Tropospheric ozone depletion events are phenomena that reduce the concentration of ozone in the Earth's lower atmosphere. Ozone (O_{3}) is a trace gas which has been of concern because of its unique dual role in different layers of the atmosphere. Apart from absorbing UV-B radiation and converting solar energy into heat in the stratosphere, ozone in the troposphere provides greenhouse effect and controls the oxidation capacity of the atmosphere.

== Sources of tropospheric ozone ==
Ozone in the troposhere is determined by photochemical production and destruction, dry deposition and cross-tropopause transport of ozone from the stratosphere. In the Arctic troposphere, transport and photochemical reactions involving nitrogen oxides and volatile organic compounds (VOCs) as a result of human emissions also produce ozone resulting in a background mixing ratio of 30 to 50 nmol mol−1 (ppb). Nitrogen oxides play a key role in recycling active free radicals (such as reactive halogens) in the atmosphere and indirectly affect ozone depletion. Ozone depletion events (ODEs) are phenomena associated with the sea ice zone. They are routinely observed at coastal locations when incoming winds have traversed sea ice covered areas.

== Halogen activation ==
During springtime in the polar regions of Earth, unique photochemistry converts inert halide salt ions (e.g. Br^{−}) into reactive halogen species (e.g. Br atoms and BrO) that episodically deplete ozone in the atmospheric boundary layer to near zero levels. These processes are favored by light and low temperature conditions. Since their discovery in the late 1980s, research on these ozone depletion events has shown the central role of
bromine photochemistry. The exact sources and mechanisms that release bromine are still not fully understood, but the combination of concentrated sea salt in a condensed phase substrate appears to be a pre-requisite. Shallow boundary layers are also likely to be beneficial since they enhance the speed of autocatalytic bromine release by confining the released bromine to a smaller space.

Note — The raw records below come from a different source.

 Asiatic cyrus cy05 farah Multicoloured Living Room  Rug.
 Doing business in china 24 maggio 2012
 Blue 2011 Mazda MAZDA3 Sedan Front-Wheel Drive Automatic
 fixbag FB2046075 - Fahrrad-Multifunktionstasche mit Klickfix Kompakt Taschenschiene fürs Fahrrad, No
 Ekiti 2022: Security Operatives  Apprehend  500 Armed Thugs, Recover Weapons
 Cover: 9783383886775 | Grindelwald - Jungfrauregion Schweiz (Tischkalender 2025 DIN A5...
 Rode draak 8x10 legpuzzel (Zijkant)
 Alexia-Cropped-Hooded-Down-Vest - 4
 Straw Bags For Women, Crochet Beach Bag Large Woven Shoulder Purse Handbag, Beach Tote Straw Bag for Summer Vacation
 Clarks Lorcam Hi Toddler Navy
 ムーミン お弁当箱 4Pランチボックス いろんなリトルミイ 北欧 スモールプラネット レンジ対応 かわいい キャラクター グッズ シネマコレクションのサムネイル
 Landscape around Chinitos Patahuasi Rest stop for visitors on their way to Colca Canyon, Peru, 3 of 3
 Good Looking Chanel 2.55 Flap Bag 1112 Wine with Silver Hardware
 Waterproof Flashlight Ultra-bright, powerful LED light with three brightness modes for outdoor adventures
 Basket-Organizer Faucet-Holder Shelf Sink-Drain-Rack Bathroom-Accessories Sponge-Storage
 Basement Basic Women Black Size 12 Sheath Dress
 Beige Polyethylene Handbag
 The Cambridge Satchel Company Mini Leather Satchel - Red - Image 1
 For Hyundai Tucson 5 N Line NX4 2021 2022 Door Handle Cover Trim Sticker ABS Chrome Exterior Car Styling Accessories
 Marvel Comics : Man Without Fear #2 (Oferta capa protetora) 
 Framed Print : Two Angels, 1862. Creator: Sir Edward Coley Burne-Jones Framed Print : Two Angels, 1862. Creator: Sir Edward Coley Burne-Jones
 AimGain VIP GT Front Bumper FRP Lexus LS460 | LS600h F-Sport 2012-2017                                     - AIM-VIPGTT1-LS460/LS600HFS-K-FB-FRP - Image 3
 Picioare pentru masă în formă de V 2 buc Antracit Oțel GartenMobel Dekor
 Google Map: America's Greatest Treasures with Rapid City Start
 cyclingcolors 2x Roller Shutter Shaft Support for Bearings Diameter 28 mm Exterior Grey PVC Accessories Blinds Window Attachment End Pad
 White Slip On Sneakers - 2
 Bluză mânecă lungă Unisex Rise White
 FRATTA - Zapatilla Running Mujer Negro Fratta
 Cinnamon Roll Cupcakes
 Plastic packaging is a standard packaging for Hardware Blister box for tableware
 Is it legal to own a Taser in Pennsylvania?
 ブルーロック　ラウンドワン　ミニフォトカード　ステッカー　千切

Under these conditions, and with sufficient acidity, gaseous hypobromous acid (HOBr) can react with condensed sea salt bromide and produce bromine that is then released to the atmosphere. Subsequent photolysis of this bromine generates bromine radicals that can react with and destroy ozone. Due to the autocatalytic nature of the reaction mechanism, it has been called bromine explosion.

== Chemical destruction ==
It is still not fully understood how salts are transported from the ocean and oxidized to become reactive halogen species in the air. Other halogens (chlorine and iodine) are also activated through mechanisms coupled to bromine chemistry. The main consequence of halogen activation is chemical destruction of ozone, which removes the primary precursor of atmospheric oxidation, and generation of reactive halogen atoms/oxides that become the primary oxidizing species. The oxidation ability originally influenced by ozone is weakened, while the halogen species now holds the oxidation ability. This changes the reaction cycles and final products of many atmospheric reactions. During ozone depletion events, the enhanced halogen chemistry can effectively oxidize reactive gaseous elements.

== Effects ==
The different reactivity of halogens as compared to OH and ozone has broad impacts on atmospheric chemistry. These include near complete removal and deposition of mercury, alteration of oxidation fates for organic gases, and export of bromine into the free troposphere. The deposition of reactive gaseous mercury (RGM) in snow from oxidation by enhanced halogens increases the bioavailability of mercury. Recent changes in the climate of the Arctic and state of the Arctic sea ice cover are likely to have strong effects on halogen activation and ozone depletion events. Human-induced climate change affects the quantity of snow and ice cover in the Arctic, altering the intensity of nitrogen oxide emissions. Increment in background levels of nitrogen oxide apparently strengthens the consumption of ozone and the enhancement of halogens.

==See also==
- Arctic haze
- Free radical halogenation
- Tropospheric ozone
- Frost flower (sea ice)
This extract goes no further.